• **INFORMATION SUPPLIED**:
= = = = =

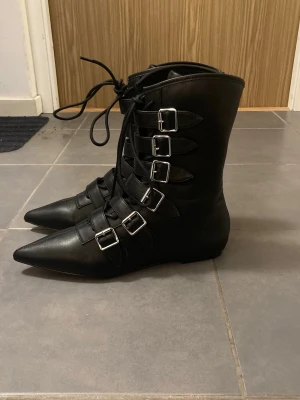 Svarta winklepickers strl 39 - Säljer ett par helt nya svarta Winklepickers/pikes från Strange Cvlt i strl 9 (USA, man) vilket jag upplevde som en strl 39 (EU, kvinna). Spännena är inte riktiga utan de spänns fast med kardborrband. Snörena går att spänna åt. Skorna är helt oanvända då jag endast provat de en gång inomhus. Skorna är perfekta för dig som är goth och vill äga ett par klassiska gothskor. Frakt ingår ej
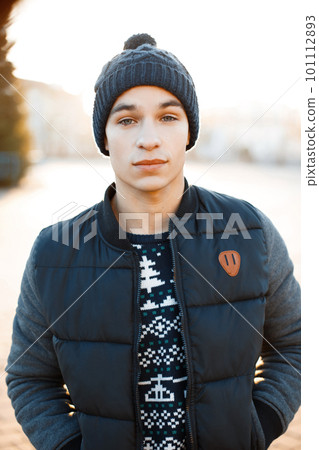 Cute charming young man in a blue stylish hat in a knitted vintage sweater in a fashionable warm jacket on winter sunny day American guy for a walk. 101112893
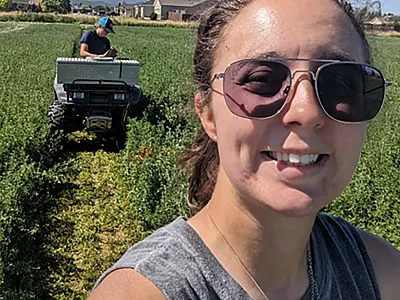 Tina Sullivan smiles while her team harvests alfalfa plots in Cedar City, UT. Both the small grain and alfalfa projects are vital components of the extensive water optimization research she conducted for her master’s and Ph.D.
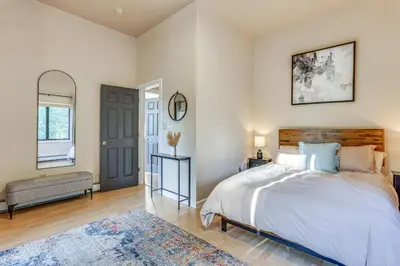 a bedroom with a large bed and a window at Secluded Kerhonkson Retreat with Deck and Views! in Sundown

= = = = =

Do not include the pictures. Quote only the lines from the line with "Tina Sullivan smiles" through the end of the material, both ends included, exactly.

• **SOLUTION**:
 Tina Sullivan smiles while her team harvests alfalfa plots in Cedar City, UT. Both the small grain and alfalfa projects are vital components of the extensive water optimization research she conducted for her master’s and Ph.D.
 a bedroom with a large bed and a window at Secluded Kerhonkson Retreat with Deck and Views! in Sundown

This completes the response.